L’attore che abbia incardinato la causa dinanzi ad un giudice e sia rimasto soccombente nel merito non è legittimato ad interporre appello contro la sentenza per denunciare il difetto di giurisdizione del giudice da lui prescelto.

Ribaltando il precedente orientamento (Cass., Sez. Un. Civili, 27 luglio 2011, n. 16391 e Sez. Un. Civili, 28 maggio 2014, n. 11916), la Corte di Cassazione conferma quanto disposto dalla sentenza del Consiglio di Stato che aveva escluso che potesse trovare ingresso la censura con la quale la parte ricorrente aveva messo in discussione la giurisdizione del TAR (nel caso di specie, il Tribunale regionale di giustizia amministrativa  per il Trentino- Alto Adige, sezione Bolzano), da lei stessa  adito, al fine di ribaltare l’esito negativo del giudizio di merito, richiamando l’orientamento secondo cui tale comportamento, oltre ad integrare il divieto di venire contra factum proprium, andrebbe ad arrecare un irragionevole sacrificio alla controparte, costretta a difendersi nell’ambito del giudizio da incardinare dinanzi al nuovo giudice (In senso conforme: Consiglio di Stato Sez. IV, 7 novembre 2015, n. 5484; Sez. VI, 29 febbraio 2016, n. 856).

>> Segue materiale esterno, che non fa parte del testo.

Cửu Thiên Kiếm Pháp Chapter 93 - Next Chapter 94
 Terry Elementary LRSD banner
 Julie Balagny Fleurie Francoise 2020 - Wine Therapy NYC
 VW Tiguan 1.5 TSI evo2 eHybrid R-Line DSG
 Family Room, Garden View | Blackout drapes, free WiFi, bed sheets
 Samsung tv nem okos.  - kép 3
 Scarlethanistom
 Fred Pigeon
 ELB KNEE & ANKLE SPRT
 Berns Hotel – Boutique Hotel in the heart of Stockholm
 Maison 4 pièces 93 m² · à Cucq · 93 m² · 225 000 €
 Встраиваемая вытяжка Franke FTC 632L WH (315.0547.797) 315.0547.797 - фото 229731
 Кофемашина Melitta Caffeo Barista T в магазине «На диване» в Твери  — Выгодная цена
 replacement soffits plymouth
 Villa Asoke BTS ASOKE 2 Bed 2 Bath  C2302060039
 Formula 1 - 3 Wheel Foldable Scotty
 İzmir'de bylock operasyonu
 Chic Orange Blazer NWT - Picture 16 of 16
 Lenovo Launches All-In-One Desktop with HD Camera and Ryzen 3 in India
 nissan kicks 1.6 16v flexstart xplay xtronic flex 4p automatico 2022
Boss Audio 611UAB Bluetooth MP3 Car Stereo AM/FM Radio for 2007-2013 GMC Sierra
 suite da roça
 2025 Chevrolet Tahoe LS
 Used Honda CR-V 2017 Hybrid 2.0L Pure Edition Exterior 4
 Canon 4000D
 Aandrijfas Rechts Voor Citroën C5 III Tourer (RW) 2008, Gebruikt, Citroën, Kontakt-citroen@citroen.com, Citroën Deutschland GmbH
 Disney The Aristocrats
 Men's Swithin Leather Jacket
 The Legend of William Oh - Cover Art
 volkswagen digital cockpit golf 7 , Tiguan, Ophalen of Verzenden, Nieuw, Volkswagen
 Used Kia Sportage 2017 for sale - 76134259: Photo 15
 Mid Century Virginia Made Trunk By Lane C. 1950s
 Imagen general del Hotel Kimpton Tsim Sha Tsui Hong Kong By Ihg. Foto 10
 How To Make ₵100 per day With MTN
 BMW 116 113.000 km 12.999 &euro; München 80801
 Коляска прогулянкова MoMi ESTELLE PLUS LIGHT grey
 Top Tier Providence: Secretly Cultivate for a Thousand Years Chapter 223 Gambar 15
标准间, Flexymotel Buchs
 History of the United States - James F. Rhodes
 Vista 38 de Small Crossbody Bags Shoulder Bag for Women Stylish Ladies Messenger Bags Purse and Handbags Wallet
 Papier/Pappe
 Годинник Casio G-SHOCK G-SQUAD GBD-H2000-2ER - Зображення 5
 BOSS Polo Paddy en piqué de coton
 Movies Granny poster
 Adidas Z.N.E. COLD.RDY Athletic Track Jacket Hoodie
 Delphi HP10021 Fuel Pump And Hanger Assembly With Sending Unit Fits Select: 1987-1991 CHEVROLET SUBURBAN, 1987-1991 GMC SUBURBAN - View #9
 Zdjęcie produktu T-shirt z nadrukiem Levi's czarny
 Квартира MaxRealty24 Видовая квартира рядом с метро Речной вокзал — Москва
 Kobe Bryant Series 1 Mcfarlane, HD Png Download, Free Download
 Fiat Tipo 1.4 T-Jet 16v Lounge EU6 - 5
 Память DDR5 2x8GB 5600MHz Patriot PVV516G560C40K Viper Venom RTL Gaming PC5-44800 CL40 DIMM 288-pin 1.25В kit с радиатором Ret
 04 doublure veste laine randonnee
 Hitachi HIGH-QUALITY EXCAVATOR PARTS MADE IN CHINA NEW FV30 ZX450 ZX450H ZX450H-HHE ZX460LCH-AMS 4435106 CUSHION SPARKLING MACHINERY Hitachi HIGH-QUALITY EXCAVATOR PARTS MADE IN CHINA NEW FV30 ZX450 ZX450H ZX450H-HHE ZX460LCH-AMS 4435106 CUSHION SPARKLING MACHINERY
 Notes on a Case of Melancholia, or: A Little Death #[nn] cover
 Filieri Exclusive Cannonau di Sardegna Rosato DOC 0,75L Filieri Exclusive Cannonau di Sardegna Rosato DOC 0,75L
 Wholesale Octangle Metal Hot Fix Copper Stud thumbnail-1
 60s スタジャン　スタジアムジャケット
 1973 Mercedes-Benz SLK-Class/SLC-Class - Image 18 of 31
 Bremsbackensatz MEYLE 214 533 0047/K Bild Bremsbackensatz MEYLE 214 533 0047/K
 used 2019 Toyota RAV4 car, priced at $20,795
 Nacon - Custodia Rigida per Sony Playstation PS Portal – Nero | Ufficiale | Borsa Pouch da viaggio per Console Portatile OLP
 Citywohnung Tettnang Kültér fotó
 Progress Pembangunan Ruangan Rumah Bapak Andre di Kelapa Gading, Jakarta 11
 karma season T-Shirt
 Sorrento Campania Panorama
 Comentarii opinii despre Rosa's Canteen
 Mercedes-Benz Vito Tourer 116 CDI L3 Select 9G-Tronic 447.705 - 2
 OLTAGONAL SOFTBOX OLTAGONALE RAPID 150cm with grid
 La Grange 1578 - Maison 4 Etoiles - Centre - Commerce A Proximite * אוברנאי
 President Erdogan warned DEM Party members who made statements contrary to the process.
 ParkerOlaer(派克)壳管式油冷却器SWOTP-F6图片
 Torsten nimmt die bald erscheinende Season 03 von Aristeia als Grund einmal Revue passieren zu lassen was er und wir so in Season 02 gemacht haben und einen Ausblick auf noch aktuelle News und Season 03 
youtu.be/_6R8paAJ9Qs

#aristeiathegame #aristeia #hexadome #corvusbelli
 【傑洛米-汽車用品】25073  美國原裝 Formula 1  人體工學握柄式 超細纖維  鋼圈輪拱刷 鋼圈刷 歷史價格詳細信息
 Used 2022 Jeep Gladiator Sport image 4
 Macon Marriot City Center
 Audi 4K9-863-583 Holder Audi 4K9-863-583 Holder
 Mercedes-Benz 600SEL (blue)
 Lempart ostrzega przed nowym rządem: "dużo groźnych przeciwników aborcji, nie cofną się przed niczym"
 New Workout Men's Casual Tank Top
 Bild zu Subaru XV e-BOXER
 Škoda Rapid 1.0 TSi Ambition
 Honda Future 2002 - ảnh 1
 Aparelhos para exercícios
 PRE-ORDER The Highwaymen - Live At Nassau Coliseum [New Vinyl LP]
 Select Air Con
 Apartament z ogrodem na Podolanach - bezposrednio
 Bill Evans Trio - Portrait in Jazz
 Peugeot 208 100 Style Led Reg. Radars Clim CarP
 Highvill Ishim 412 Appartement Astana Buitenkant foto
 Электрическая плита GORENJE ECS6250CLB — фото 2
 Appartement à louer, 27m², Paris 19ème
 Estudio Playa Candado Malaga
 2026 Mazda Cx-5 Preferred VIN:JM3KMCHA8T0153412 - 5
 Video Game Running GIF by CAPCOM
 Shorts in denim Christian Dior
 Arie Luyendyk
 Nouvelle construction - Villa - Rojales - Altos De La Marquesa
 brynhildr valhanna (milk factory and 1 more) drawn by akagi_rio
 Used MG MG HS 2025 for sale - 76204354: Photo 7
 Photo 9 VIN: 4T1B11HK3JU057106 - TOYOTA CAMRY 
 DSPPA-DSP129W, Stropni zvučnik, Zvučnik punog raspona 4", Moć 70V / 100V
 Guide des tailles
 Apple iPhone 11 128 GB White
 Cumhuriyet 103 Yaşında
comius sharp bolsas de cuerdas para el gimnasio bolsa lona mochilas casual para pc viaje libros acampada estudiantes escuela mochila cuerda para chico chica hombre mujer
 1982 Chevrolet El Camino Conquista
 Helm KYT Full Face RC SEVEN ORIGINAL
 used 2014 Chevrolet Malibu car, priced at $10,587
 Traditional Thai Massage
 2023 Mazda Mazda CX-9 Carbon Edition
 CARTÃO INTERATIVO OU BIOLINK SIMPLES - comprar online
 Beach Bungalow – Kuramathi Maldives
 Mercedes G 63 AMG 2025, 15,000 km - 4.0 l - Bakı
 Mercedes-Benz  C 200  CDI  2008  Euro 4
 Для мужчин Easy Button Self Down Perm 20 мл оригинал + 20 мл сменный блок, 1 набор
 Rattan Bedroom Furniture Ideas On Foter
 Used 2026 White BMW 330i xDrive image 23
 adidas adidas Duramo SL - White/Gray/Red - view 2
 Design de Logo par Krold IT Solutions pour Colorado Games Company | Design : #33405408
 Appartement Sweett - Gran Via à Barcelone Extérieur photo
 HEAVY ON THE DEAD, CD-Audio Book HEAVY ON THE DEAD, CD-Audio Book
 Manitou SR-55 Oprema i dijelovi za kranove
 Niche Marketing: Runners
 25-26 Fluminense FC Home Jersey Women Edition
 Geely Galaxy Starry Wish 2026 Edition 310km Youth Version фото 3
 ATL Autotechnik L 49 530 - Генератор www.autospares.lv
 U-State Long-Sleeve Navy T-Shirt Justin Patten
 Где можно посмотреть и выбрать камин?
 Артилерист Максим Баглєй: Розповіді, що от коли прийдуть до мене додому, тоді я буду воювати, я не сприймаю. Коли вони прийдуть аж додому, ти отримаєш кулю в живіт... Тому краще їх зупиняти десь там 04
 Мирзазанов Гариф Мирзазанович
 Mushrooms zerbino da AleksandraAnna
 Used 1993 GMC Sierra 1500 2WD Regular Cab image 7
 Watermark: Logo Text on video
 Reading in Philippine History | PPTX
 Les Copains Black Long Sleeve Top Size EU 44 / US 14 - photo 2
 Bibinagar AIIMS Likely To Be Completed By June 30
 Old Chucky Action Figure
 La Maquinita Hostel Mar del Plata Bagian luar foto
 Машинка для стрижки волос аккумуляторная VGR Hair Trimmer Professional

Come specifica la Corte di Cassazione, la statuizione sul merito contiene implicitamente l’antecedente logico da cui è condizionata: la sussistenza della giurisdizione, in difetto della quale non avrebbe potuto essere adottata. Dunque, secondo il diritto vivente formatosi sull’art. 37 c. p. c., e recepito anche dal codice del processo amministrativo (art. 9, d. lvo 2 luglio 2010, n. 104),  la giurisdizione costituisce un capo autonomo della sentenza capace di passare in giudicato anche se il giudice non si sia pronunciato espressamente sul punto.

Ne consegue che, di fronte ad una sentenza di rigetto nel merito della domanda formulata dall’attore, non è ravvisabile una soccombenza di quest’ultimo anche sulla questione della giurisdizione. Al contrario, su questa risulta essere vincitore perché il giudice, decidendo nel merito la causa, l’ha riconosciuta.

Ciò non si pone in contrasto con la garanzia del giudice naturale e precostituito dalla legge. Infatti tale garanzia è presidiata dall’obbligo del giudice di prime cure di procedere d’ufficio alla verifica della potestas iudicandi e va bilanciato con quello della speditezza del processo.

La soluzione preclusiva, inoltre, appare in linea con la concezione della giurisdizione intesa come risorsa a disposizione della collettività e, come tale, deve essere impiegata razionalmente, perché l’ordinamento non consente all’attore soccombente nel merito, la contraddittorietà rispetto alla scelta della giurisdizione, per conseguire l’utilità discendente dal ripensamento secundum eventum.